The best part is that this 31-year-old juggles her almost fanatical obsession with adventure racing, a multi-sport endurance race that’s not for the lily-livered, with a career that isn’t your everyday 9-to-5 desk job. Esther, Her World’s Young Woman Achiever for 2006, has also made history as Singapore’s first female naval diver with the elite Naval Diving Unit of the Singapore Armed Forces (SAF), in a job that involves search-and-rescue operations and explosive ordnance disposal.
No wonder she’s been dubbed Singapore’s GI Jane. And in case you were wondering, yes, Esther can do one-armed push-ups without hardly breaking into a sweat.
But looking at her quiet demeanour and diminutive frame (all of 1.58m and 48 kg) you would never guess that Esther is both a super-athlete and a top-notch military officer promoted to the rank of Major last year. The only tiny clue to her athleticism when she arrives for our interview at an ice-cream shop in Sunset Way is her PT kit with the word “Navy” emblazoned on the back.

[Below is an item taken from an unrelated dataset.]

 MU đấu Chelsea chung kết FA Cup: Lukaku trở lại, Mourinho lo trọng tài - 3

She sits down and you notice her hands, criss-crossed with bulging veins that look like they could crush more than just cockroaches. She puts it best: “I think of myself as an all-round competitor. I enjoy motivating myself to do my best when I’m racing and when I’m at work.”
And she really means all-round. Not for her the garden-variety marathons and triathlons. Instead, over the last five years and in between, detonating bombs underwater, she’s trekked, abseiled, kayaked and mountain-biked over hostile terrain in places like Fiji and China, battling fatigue, sub-zero temperatures and injuries to complete adventure-laden races like the fearsome Eco Challenge. Each year, she takes part in about 30 endurance races, each lasting anything from hours to 10 days or longer, she says with a shrug.

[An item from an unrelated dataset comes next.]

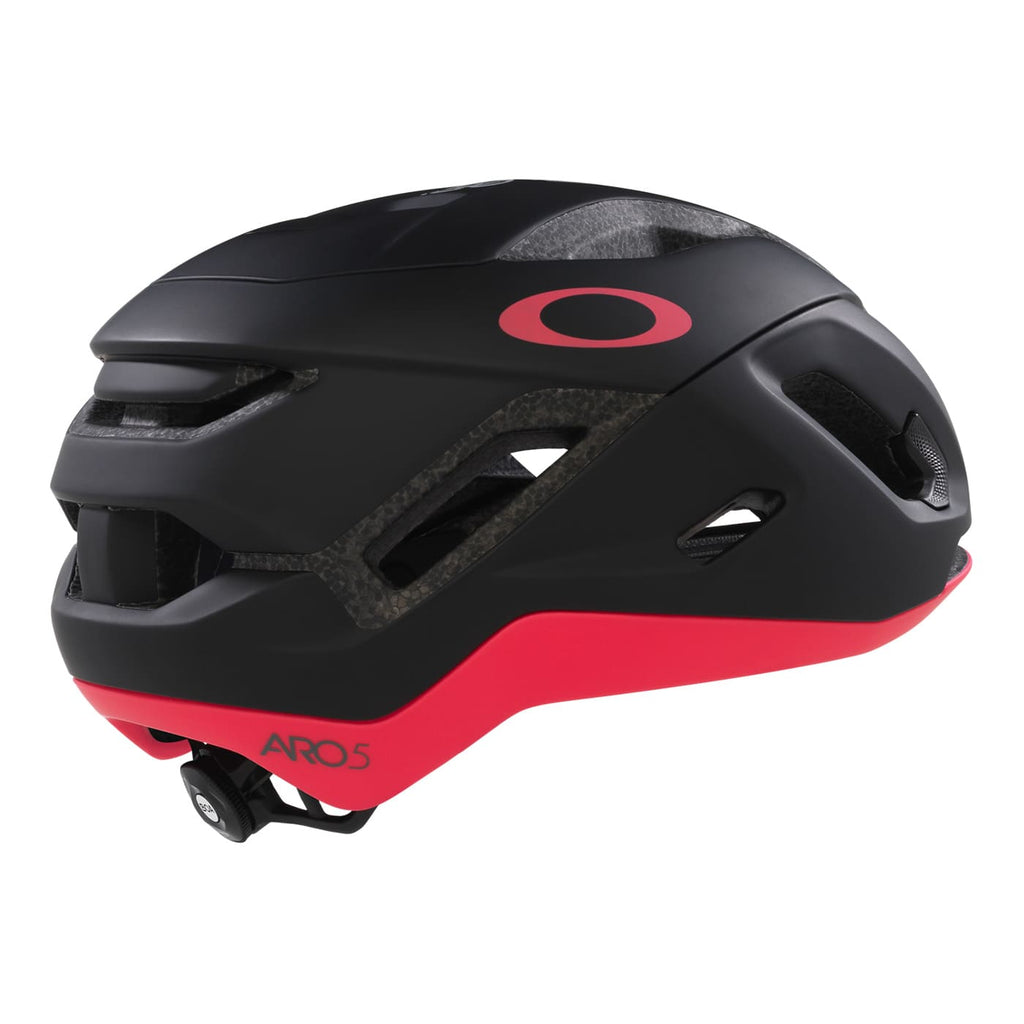 Oakley Aro 5 Race Mips helmet - Giro d'Italia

Her resume of races plots many firsts for Singapore, like the gruelling six-day 470km New Zealand Southern Traverse race in 2002, where she was part of Team Endorphin Junkies, the first Singaporean team to finish. Her most recent was last year’s XPD Tasmania, covering 700km of remote wilderness – hers was the only Asian team – and finishing a respectable 32nd out of 47 teams in nine days and 14 hours. Now, she’s gearing up for the 500km Adventure Racing World Championship in Scotland in May, all with a massive backpack on her back and an even wider smile on her face.
But a day in Esther’s life is not just about her awe-inspiring physical feats – like somersaults underwater with her hands and legs bound – most ordinary women (and men) can’t even fathom. It’s also about how she’s giving back to the community, by spurring young women and athletes, and giving talks to secondary school students on adventure sports.
As a teacher of sorts to three athletes from Temasek Junior College as part of its mentor programme, she gets “great satisfaction knowing I’ve made a contribution to others”. Esther, who would have been a physics teacher otherwise, shares with her young charges just one piece of advice: Find out what motivates you, then work towards that passion.